[INSTRUCTIONS TO FOLLOW]
Using the records below, quote only the span that opens with the line containing "istock Blank gold" and closes with the line containing "Dwóch policjantów w", exactly and inclusively.

[PROVIDED MATERIAL]
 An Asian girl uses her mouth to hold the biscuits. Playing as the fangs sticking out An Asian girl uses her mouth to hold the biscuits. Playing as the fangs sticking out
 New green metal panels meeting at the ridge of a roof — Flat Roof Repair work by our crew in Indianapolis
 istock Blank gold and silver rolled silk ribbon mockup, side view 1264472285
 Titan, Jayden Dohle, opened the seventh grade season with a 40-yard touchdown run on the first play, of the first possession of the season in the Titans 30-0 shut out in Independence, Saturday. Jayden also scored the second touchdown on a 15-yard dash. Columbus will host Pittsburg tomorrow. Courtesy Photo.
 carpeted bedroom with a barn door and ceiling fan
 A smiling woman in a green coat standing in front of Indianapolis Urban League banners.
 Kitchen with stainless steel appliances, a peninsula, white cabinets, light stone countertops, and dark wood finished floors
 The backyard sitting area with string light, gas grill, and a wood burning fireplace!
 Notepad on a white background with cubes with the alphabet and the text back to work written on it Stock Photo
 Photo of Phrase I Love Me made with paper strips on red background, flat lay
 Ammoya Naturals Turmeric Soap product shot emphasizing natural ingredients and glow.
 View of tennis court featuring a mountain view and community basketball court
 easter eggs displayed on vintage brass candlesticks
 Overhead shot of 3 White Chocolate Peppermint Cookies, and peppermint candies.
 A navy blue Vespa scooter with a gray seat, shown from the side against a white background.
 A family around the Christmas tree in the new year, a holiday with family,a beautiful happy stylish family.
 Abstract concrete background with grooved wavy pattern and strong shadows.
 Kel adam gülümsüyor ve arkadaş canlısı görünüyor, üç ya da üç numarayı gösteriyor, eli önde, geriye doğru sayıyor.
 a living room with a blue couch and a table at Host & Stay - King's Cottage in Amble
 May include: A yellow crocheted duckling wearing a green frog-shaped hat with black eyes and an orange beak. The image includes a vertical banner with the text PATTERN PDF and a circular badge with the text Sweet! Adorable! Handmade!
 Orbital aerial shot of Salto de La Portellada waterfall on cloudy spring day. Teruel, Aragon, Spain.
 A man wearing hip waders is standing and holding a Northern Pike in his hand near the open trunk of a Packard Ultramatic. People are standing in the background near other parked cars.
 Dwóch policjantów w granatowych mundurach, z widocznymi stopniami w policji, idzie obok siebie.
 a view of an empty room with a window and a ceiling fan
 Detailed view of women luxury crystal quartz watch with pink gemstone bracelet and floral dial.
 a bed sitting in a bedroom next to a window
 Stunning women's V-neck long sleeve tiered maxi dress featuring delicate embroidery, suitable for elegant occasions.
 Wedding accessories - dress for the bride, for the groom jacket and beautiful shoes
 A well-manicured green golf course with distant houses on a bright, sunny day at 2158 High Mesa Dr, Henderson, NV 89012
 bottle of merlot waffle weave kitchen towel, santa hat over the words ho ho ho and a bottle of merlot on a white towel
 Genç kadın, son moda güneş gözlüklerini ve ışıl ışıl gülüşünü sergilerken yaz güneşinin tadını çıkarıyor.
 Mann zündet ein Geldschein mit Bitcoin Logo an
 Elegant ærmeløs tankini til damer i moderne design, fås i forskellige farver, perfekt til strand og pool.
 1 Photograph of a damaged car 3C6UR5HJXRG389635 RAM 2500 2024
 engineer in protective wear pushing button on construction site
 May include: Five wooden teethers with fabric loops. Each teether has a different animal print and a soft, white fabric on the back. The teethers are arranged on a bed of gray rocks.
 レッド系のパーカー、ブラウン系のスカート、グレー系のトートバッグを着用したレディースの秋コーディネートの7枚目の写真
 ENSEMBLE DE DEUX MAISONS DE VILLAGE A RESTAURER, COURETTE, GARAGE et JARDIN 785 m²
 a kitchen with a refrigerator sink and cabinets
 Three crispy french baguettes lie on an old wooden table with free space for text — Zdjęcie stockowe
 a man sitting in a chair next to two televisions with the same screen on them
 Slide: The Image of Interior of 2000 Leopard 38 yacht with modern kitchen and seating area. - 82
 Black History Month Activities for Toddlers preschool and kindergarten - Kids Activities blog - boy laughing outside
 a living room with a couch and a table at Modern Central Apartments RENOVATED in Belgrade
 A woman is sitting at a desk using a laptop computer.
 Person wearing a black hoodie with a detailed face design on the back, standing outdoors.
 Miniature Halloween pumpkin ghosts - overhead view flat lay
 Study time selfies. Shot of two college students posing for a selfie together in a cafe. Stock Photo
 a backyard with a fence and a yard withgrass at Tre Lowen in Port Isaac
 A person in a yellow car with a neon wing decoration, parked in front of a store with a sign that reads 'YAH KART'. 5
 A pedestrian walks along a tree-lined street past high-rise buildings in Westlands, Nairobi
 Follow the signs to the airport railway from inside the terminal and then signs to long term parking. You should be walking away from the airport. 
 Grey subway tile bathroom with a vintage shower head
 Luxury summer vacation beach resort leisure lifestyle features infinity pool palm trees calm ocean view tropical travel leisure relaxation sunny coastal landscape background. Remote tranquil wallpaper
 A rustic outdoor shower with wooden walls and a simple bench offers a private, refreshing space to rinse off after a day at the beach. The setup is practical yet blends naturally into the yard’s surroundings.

[PROBLEM SOLUTION]
 istock Blank gold and silver rolled silk ribbon mockup, side view 1264472285
 Titan, Jayden Dohle, opened the seventh grade season with a 40-yard touchdown run on the first play, of the first possession of the season in the Titans 30-0 shut out in Independence, Saturday. Jayden also scored the second touchdown on a 15-yard dash. Columbus will host Pittsburg tomorrow. Courtesy Photo.
 carpeted bedroom with a barn door and ceiling fan
 A smiling woman in a green coat standing in front of Indianapolis Urban League banners.
 Kitchen with stainless steel appliances, a peninsula, white cabinets, light stone countertops, and dark wood finished floors
 The backyard sitting area with string light, gas grill, and a wood burning fireplace!
 Notepad on a white background with cubes with the alphabet and the text back to work written on it Stock Photo
 Photo of Phrase I Love Me made with paper strips on red background, flat lay
 Ammoya Naturals Turmeric Soap product shot emphasizing natural ingredients and glow.
 View of tennis court featuring a mountain view and community basketball court
 easter eggs displayed on vintage brass candlesticks
 Overhead shot of 3 White Chocolate Peppermint Cookies, and peppermint candies.
 A navy blue Vespa scooter with a gray seat, shown from the side against a white background.
 A family around the Christmas tree in the new year, a holiday with family,a beautiful happy stylish family.
 Abstract concrete background with grooved wavy pattern and strong shadows.
 Kel adam gülümsüyor ve arkadaş canlısı görünüyor, üç ya da üç numarayı gösteriyor, eli önde, geriye doğru sayıyor.
 a living room with a blue couch and a table at Host & Stay - King's Cottage in Amble
 May include: A yellow crocheted duckling wearing a green frog-shaped hat with black eyes and an orange beak. The image includes a vertical banner with the text PATTERN PDF and a circular badge with the text Sweet! Adorable! Handmade!
 Orbital aerial shot of Salto de La Portellada waterfall on cloudy spring day. Teruel, Aragon, Spain.
 A man wearing hip waders is standing and holding a Northern Pike in his hand near the open trunk of a Packard Ultramatic. People are standing in the background near other parked cars.
 Dwóch policjantów w granatowych mundurach, z widocznymi stopniami w policji, idzie obok siebie.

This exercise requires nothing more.